MAP Multi-AI Peer Review Control Study: Final Report

Although the MAP Peer Review control study utilized a small control group (n = 4), the findings can still be considered internally valid under certain conditions. Internal validity refers to whether the study accurately measures the intended outcomes without interference from confounding variables (Shadish, Cook, & Campbell, 2002). Because all papers were evaluated using the same standardized rubric, weighting system, and multi-AI consensus, the study design minimized internal threats to validity.

However, external validity, or the ability to generalize findings to a broader population, is naturally limited in small-sample studies (Creswell & Creswell, 2018). A sample of four papers provides pilot-level evidence.

Key Factors Supporting Validity:

Consistency of Results – The control study produced narrow score variance (SD = 2.86%) and a score range of only 6.15%, which supports reliability despite the small sample size.

Controlled Conditions – Standardized criteria, uniform weighting, and AI model consensus enhance internal validity, even with a limited sample (Shadish et al., 2002).

Pilot Study Role – Small studies are appropriate for testing methods or frameworks before scaling to larger samples, as they allow researchers to identify strengths and refine processes (Gall, Gall, & Borg, 2014).

Conclusion on Sample Size

The small control group in this study produced valid internal results, confirming that the MAP Peer Review method functions reliably under controlled conditions.
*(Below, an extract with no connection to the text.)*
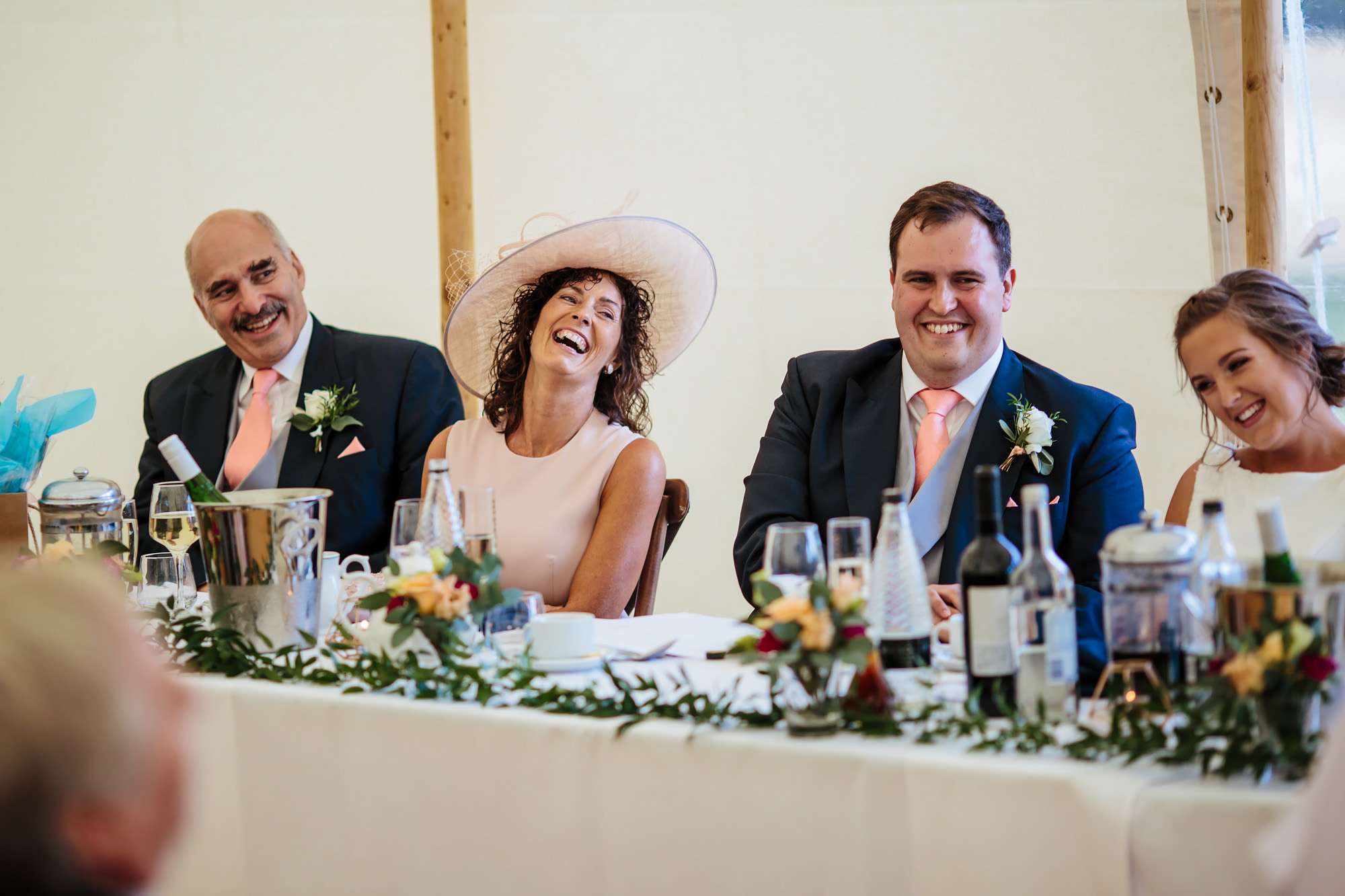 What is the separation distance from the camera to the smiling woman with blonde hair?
2512 millimetres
As pointed out by Creswell & Creswell (2018), external generalization will require a larger sample size and replication across more disciplines to strengthen confidence in its universal applicability.

Introduction

This final report presents the findings of a Multi-AI Peer Review (MAP) control study conducted on four academic papers across multiple disciplines:

Veterinary socio-economics
Agronomy/Nutritional science
Educational psychology
Philosophical/Theological research

The purpose of this control study was to evaluate the consistency, reliability, and validity of the MAP Peer Review method in providing objective, actionable academic evaluations across diverse disciplines. The study also measured whether papers met the requirements for the AI Accuracy Seal, which signifies 100% factual accuracy and ≥90% AI Accuracy Across 6 Criteria.

Universities

Stanford University (USA) – Globally elite and top-ranked across multiple disciplines.
University of Michigan (USA) – A globally elite public research university with historic strength in philosophy and research.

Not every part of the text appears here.